Protests over the high cost of housing and aggressive landlord tactics have erupted in Los Angeles and throughout the San Francisco Bay Area. And voters in two cities up north passed new limits on rent increases in November, seeing them as a way to stop dramatic hikes that have displaced lower- and middle-income households.
But cities can only go so far in capping rents — something AB 1506 seeks to change.
“The momentum is very much on the side of rent control,” said Dean Preston, executive director of the statewide renters group Tenants Together.
In Long Beach, which doesn’t control rents, tenants are increasingly seeing eye-popping hikes. One elderly tenant recently reported a $925 hike on a $1,100-a-month, two-bedroom unit, said Josh Butler, executive director of advocacy group Housing Long Beach.
”A rent increase of that magnitude is tantamount to an eviction,” he said.
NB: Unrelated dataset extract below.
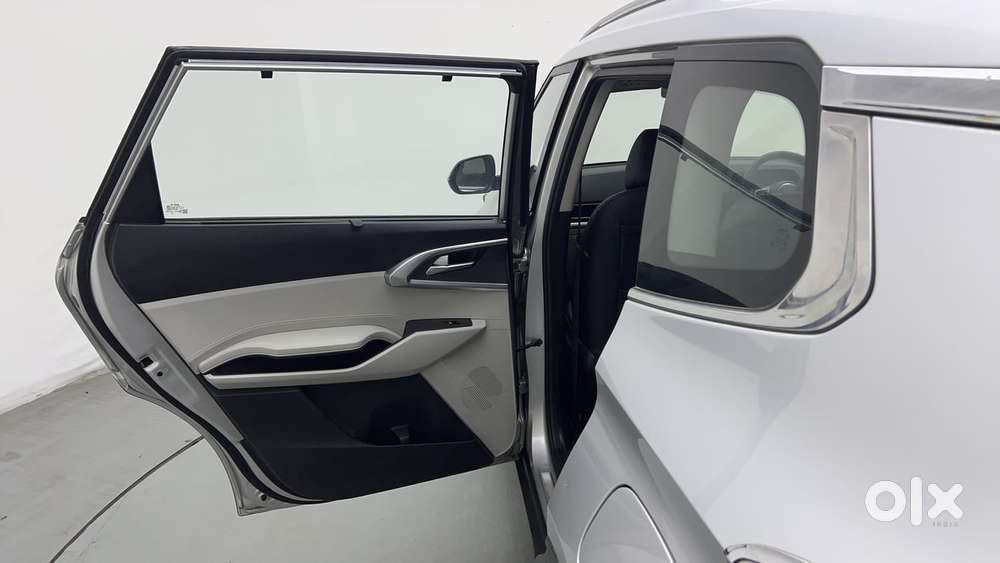 Kia Carens 1.4 Prestige Plus Turbo 7 Str, 2022, Petrol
Those stories are driving support for caps, as well as strong eviction protections that typically are elements of the ordinances. That’s particularly true in the expensive Bay Area with its explosion of tech wealth.
In November, voters in Richmond and Mountain View, home of Google, approved rent control ordinances that the California Apartment Assn. is now fighting in court.
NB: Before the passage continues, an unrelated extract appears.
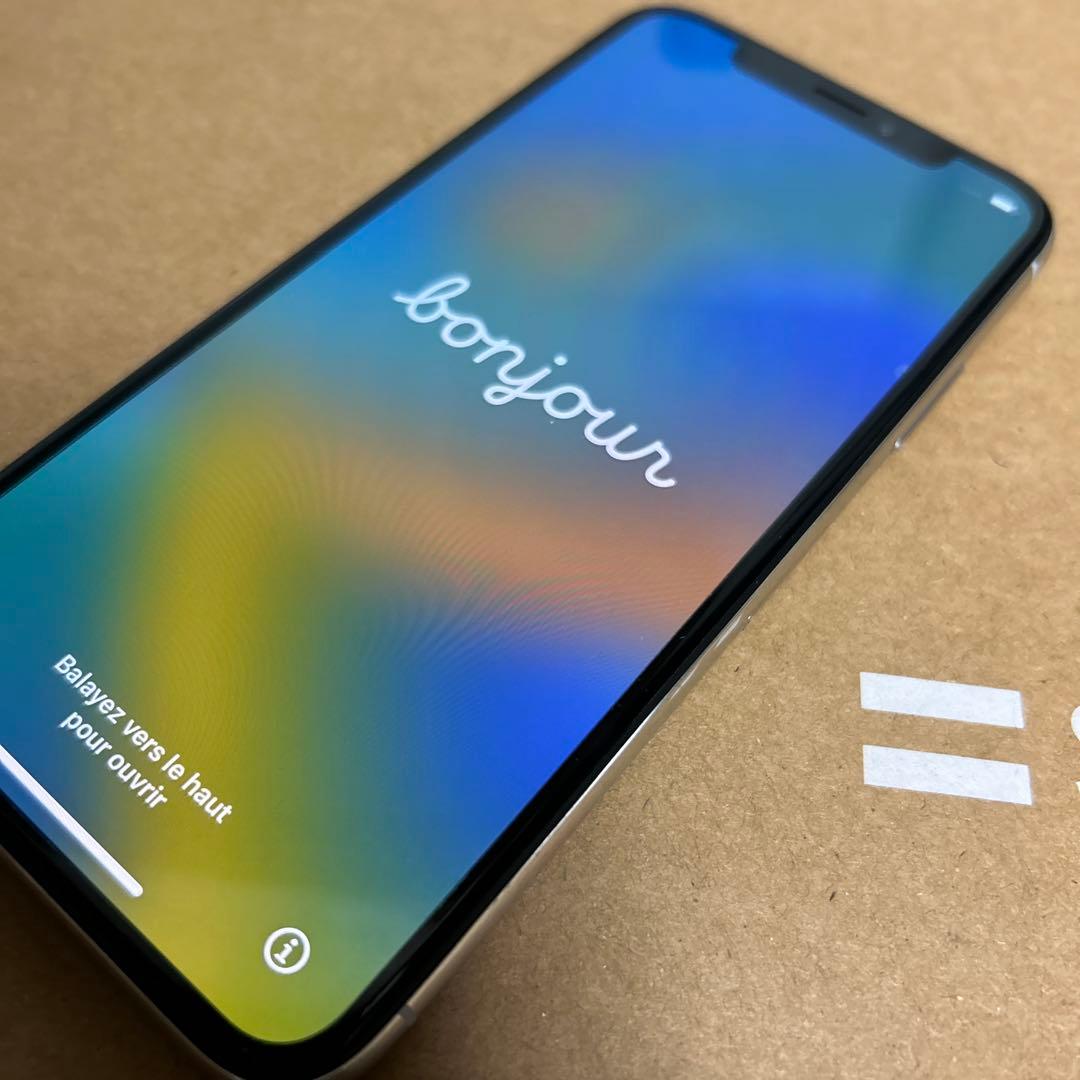 Apple iPhone X 64GB シルバー SIMフリー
Like most ordinances, the laws tie increases to changes in the consumer price index and require a “just cause” for eviction — such as damaging a unit or failing to pay rent.
Beverly Hills also strengthened its current ordinance this year, reducing the maximum annual increase to 3% from 10%.
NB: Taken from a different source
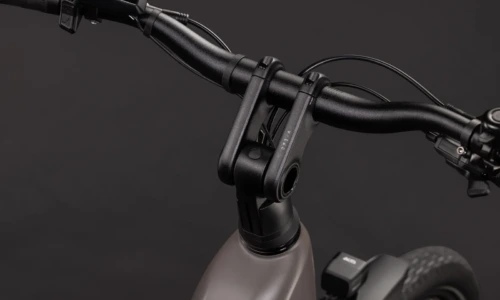 Bicicleta eléctrica Cube Kathmandu Hybrid ONE 800 cedar´n´chrome Cuadro abierto – detalle 1 | Ebike.es
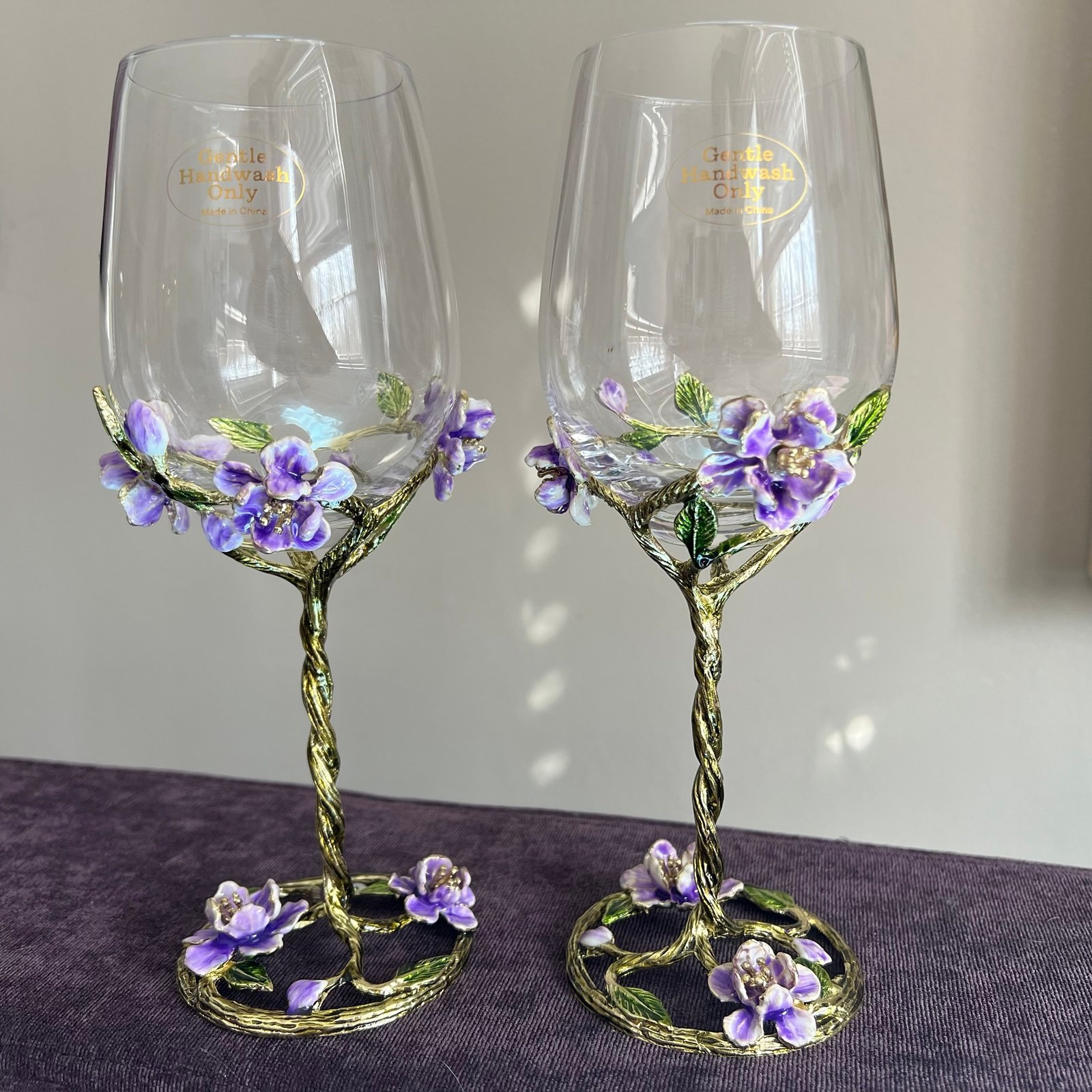 1 (ONE) Handcrafted Floral Wine Glass – Elegant Violet & Gold Detailing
But with Costa-Hawkins in place, cities are limited in the number of units they can include for protection.
In Los Angeles, property owners have removed thousands of rent-controlled units in today’s hot housing market, a dynamic that was a major focus of the debate surrounding Measure S, the anti-development initiative that failed on the March municipal ballot.
Larry Gross, who heads the local tenant group Coalition for Economic Survival, said expanding rent control is vital, because it provides tenants with a stability akin to homeowners with a fixed mortgage, giving lower- and middle-income folks a better shot at staying in expensive cities.
Gross, who pushed for passage of L.A.’s law decades ago, panned business group’s assertion that construction would drop off if Costa-Hawkins was repealed.
“Builders want to build here,” Gross said. “Rent control provides protection and levels the playing field.”
No matter what happens in the Legislature this session, “at least we’ve finally been able to get the discussion [going],” he said.
Debra Carlton, senior vice president for public affairs with the California Apartment Assn., said the group is taking the threat of a repeal “very seriously.”
"I think it’s — unfortunately — the beginning of the conversation," she said.